Die aufgebrachte Stimmung bei der deutschen Bevölkerung ließ sogar den sonst so gehorsamen DFB gegen die FIFA aufbringen. Die deutsche Mannschaft sollte, zusammen mit mehreren anderen europäischen Nationalmannschaften, mit einer symbolischen Kapitänsbinde auflaufen, die abstrakt für „Diversität“ stehen sollte, praktisch aber gegen die zahlreichen Menschenrechtsverletzungen, insbesondere den Umgang mit Homosexuellen, in Katar protestierte. So geringfügig diese symbolische Aktion auch werden sollte, in Deutschland wurde sie zu einem heroischen Akt selbstlosen Widerstands hochstilisiert. 

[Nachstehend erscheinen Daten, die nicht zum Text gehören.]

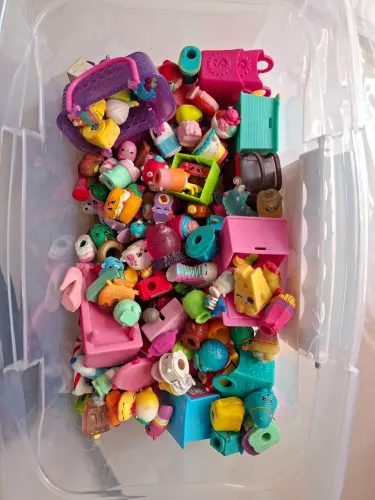 Bonecos shopkins lote com 200 peças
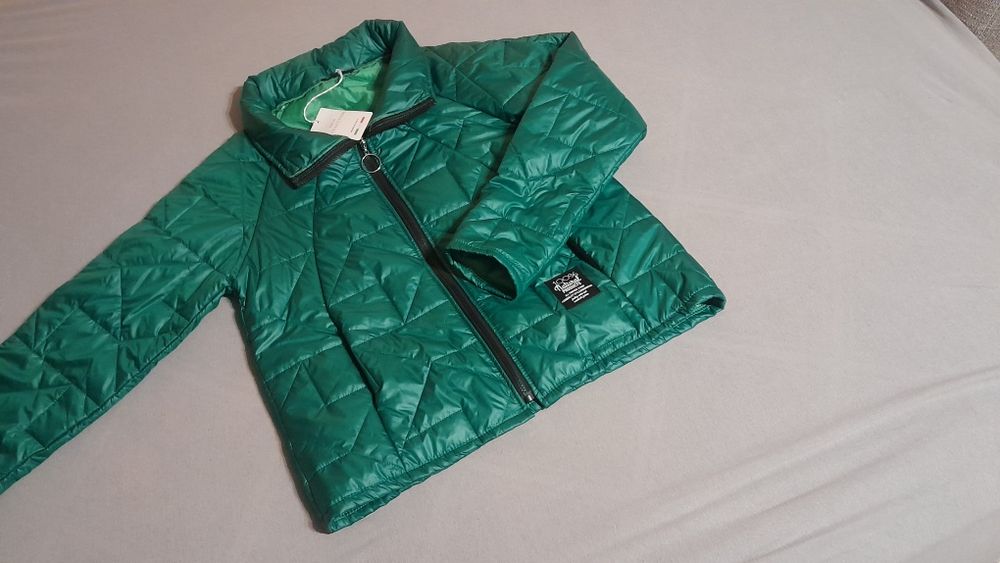 Zielona kurtka przejściowa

Doch zugegebenermaßen ist der FIFA und dem katarischen Regime die Binde ein Dorn im Auge. Lautstark stemmte sich der Weltverband gegen die angekündigte Protestaktion. Rasch knickten die ersten Mannschaften ein. Hugo Lloris, Kapitän der französischen Mannschaft, kündigte an, die Binde nicht tragen zu wollen, er wolle nämlich die katarische Kultur respektieren.

Die Begründung selbst ist zwar absurd, aber vielleicht war Lloris Rückzieher aber ehrenhafter als das Einknicken der deutschen Mannschaft am Montag. Nachdem noch Tage vor der WM Kapitän Manuel Neuer selbstbewusst ankündigte, selbst unter Strafe die Binde tragen zu wollen, machte der DFB nur einige Tage später die Kehrtwende. Die FIFA drohte öffentlich mit nicht näher spezifizierten Strafen, sofort nahm die deutsche Mannschaft ihre Ankündigungen zurück. Zahnloser und willensschwacher hätte der Protest der deutschen Mannschaft nicht ausfallen können. Erst hochmütig über seine Überzeugungen schwadronieren und dann so schnell und widerstandslos einknicken, das Licht, in dem sich der DFB präsentiert, ist nicht gut.

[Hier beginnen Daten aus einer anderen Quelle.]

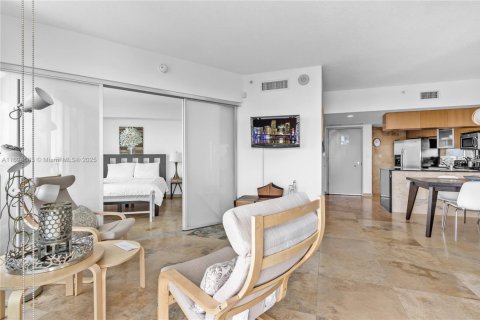 Copropriété à louer à Miami, Floride: 2 chambres, 97.36 m2 № 1764469 - photo 26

Dabei wäre ein öffentlicher Widerstand, auch über die Sanktionen der FIFA hinweg, ziemlich aussichtsreich gewesen. Zusammen mit den anderen Verbänden, allesamt große Fußballnationen, und für diese WM unabdingbar, hätte man problemlos einen wirksamen Protest aufstellen können. Die FIFA hätte weder die Mannschaften sperren können noch auf andere Weise das Weiterkommen dieser Mannschaften ins Achtelfinale behindern können, ohne dabei völlig das Gesicht zu verlieren. 

So allerdings steht der DFB blamiert da, vor allem während parallel zur Binden-Debatte die iranischen Spieler bei ihrem Spiel gegen England am Montag die iranische Nationalhymne verweigerten. Für diesen Affront drohen den iranischen Spielern Gefängnisstrafen. Diese Protestaktion könnte ihre gesamte Karriere oder gar ihr Leben zerstören. Doch die iranischen Spieler sind im Gegensatz zur deutschen Mannschaft bereit, echte Risiken für Demokratie und Freiheit einzugehen.

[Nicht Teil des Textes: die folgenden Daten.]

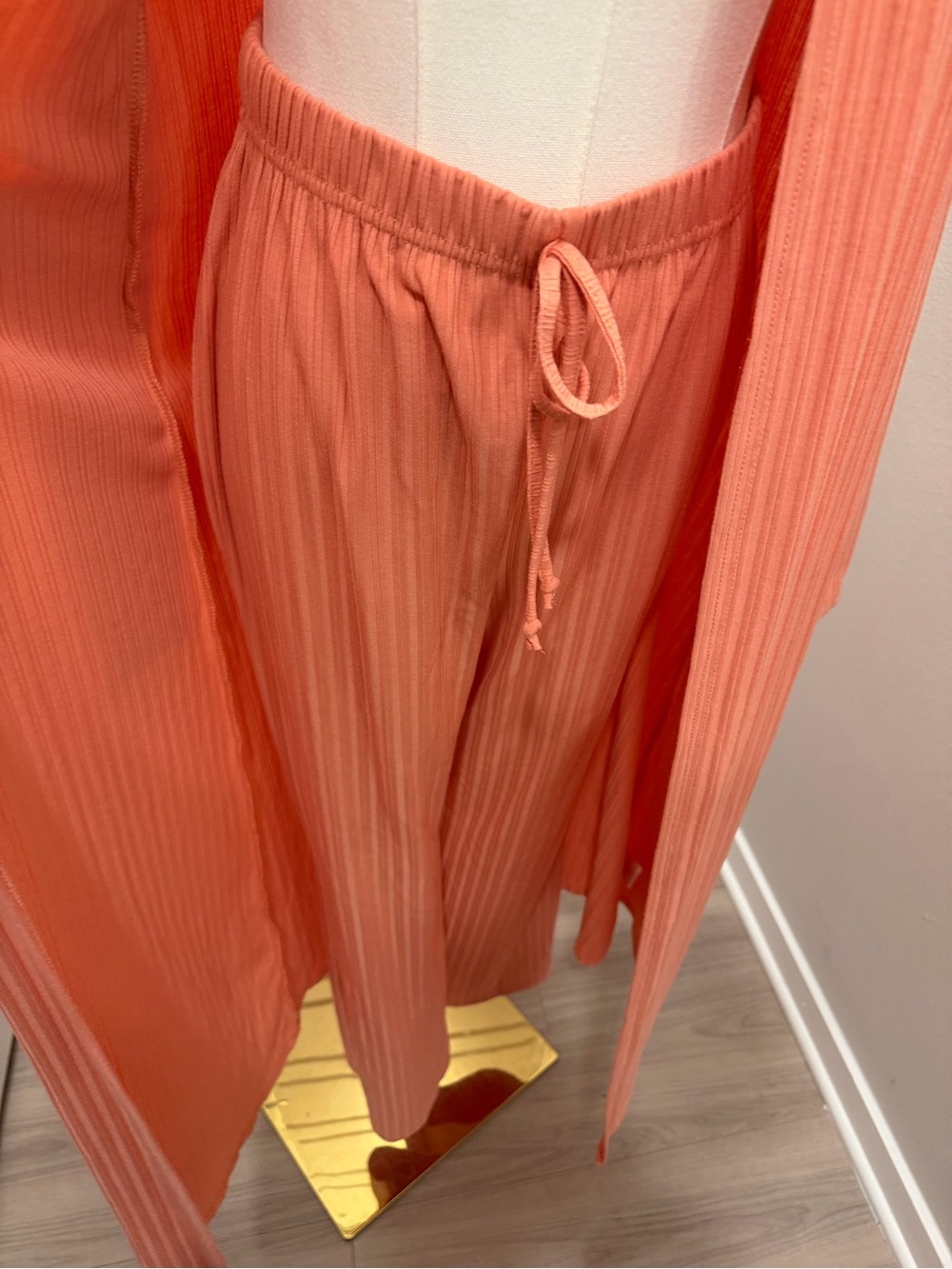 Two-Piece Ribbed Lounge Set in Bright Coral - Picture 6 of 6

Möglicherweise kam der deutsche Rückzieher für die meisten nicht überraschend. Trotzdem ist das Verhalten unserer sportlichen Botschafter, die in anderen Fällen, wie beispielsweise bei der EM 2021 gegen Ungarn, bereit sind, viel Lärm um politische Fragen zu machen, enttäuschend. Vielleicht sollten Fans von Demokratie und Freiheit bei dieser WM lieber das iranische Team anfeuern, immerhin tritt es konsequenter und mutiger für liberale Werte ein.